Le président de la Galice, Alfonso Rueda, a déclaré que son administration avait accordé une priorité stratégique au projet, avec un investissement initial envisagé d'environ 200 millions d'euros (233 millions de dollars).

XPENG : La start-up de VE Xpeng est en discussion avec Volkswagen et d'autres constructeurs pour le rachat d'une usine en Europe, rapportait le Financial Times en mai.
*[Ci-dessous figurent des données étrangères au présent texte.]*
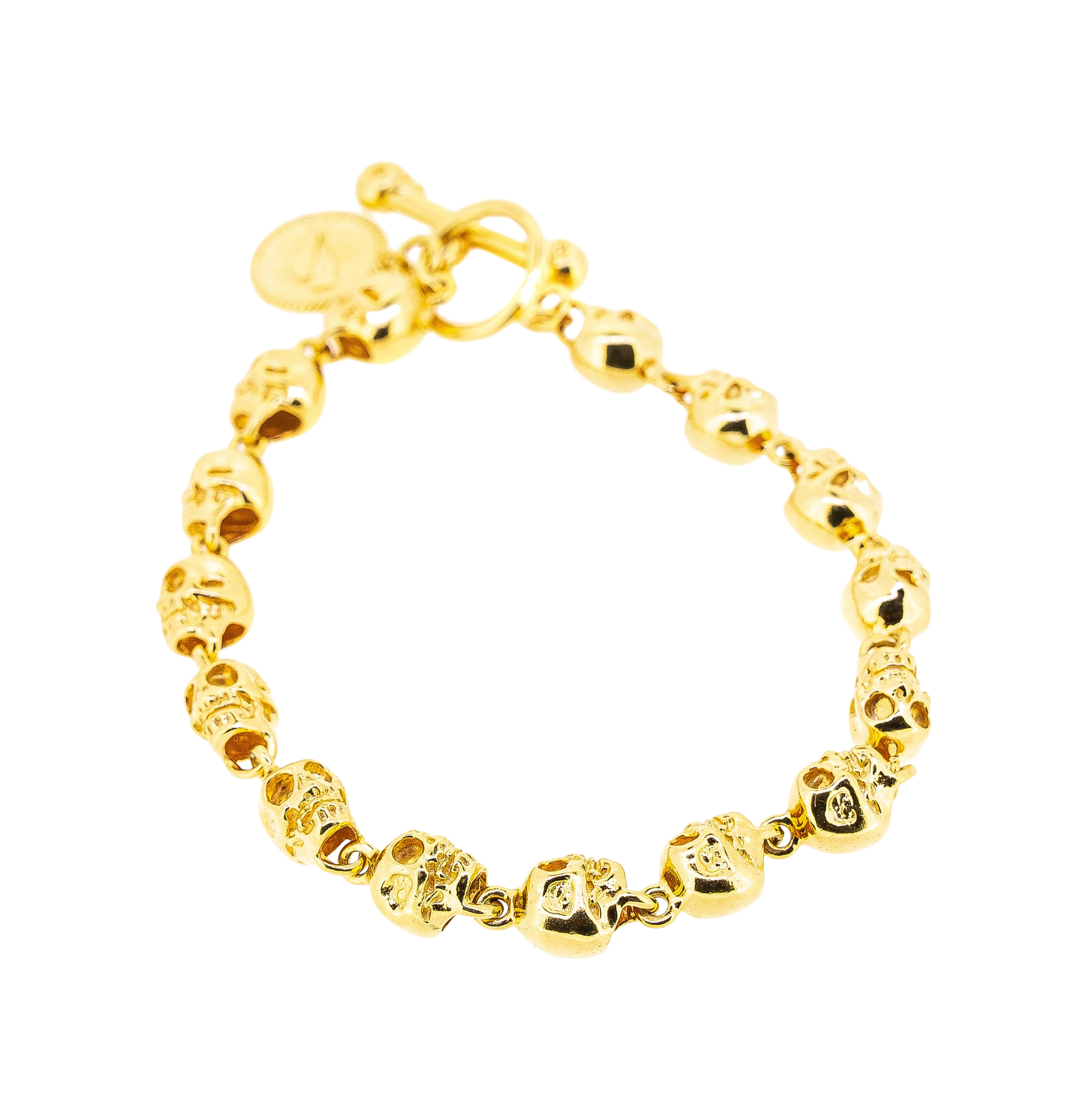 アクセサリー GOLDKID BRASS SKULL BRACELET Skull Bracelet GP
Volkswagen détient une participation dans Xpeng.

L'équipementier Magna a déclaré en septembre 2025 avoir été choisi par Xpeng pour assembler deux de ses modèles à Graz, en Autriche, pour le marché européen.

LEAPMOTOR :

Leapmotor et Stellantis prévoient de lancer une production commune en Europe, avec deux modèles qui seront assemblés en Espagne, approfondissant ainsi leur partenariat de la distribution vers la fabrication, a annoncé le constructeur franco-italien en mai.

Stellantis a acquis 21% de Leapmotor en 2023 et a créé LPMI, une coentreprise à vocation essentiellement commerciale par laquelle elle vend les VE de Leapmotor hors de Chine. Stellantis détient 51% de LPMI, contre 49% pour Leapmotor.

Les ventes de Leapmotor en Europe entre janvier et avril ont représenté 0,7% des immatriculations totales de la région.